Requirement: Skip the pictures and write out, word for word, the lines below from the one with "Ноутбук Apple macbook 12 2016 A 1534(Ахт)" through the one with "Item preview, Cute", inclusive.

Material shown:
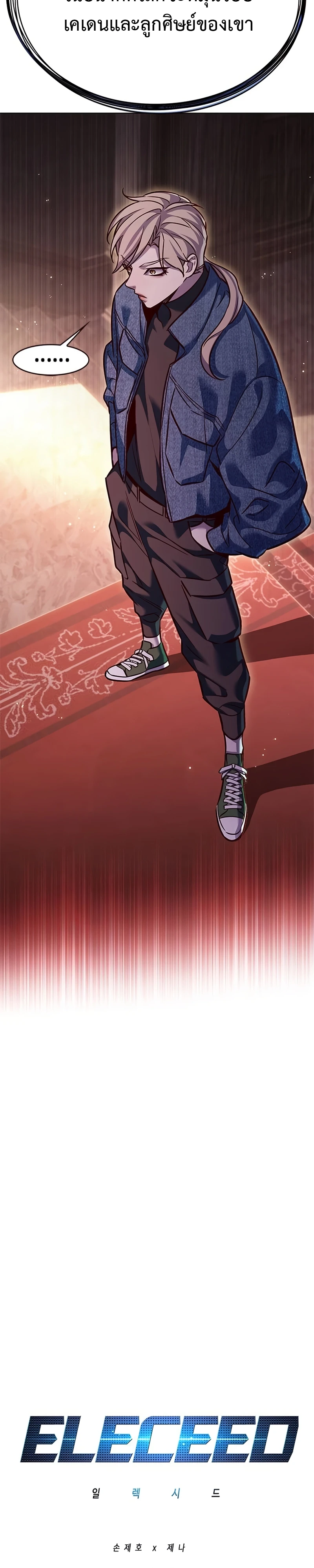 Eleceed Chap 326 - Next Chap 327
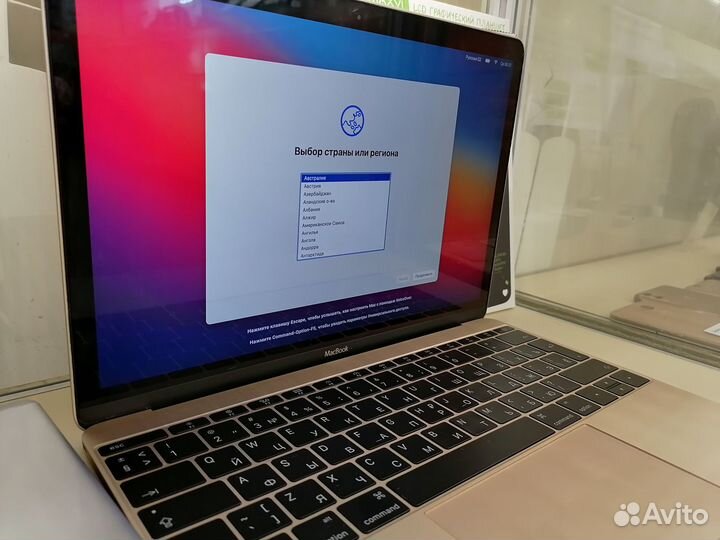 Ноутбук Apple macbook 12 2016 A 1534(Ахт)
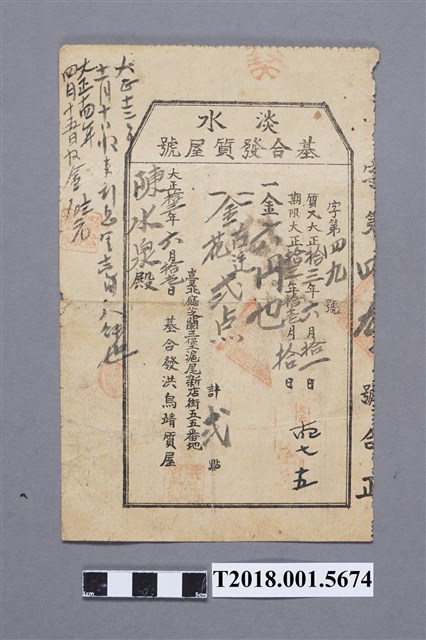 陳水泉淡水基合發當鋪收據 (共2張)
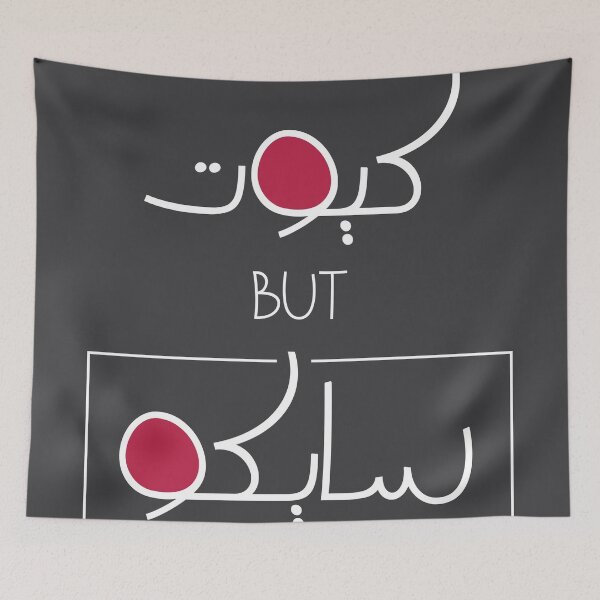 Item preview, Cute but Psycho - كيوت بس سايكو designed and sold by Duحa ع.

==

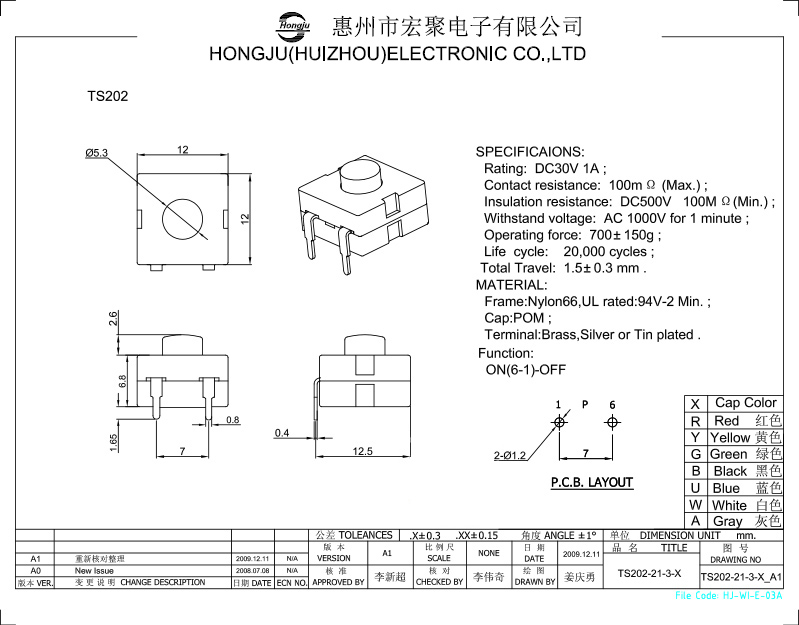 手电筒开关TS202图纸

Result:
 Ноутбук Apple macbook 12 2016 A 1534(Ахт)
 陳水泉淡水基合發當鋪收據 (共2張)
 Item preview, Cute but Psycho - كيوت بس سايكو designed and sold by Duحa ع.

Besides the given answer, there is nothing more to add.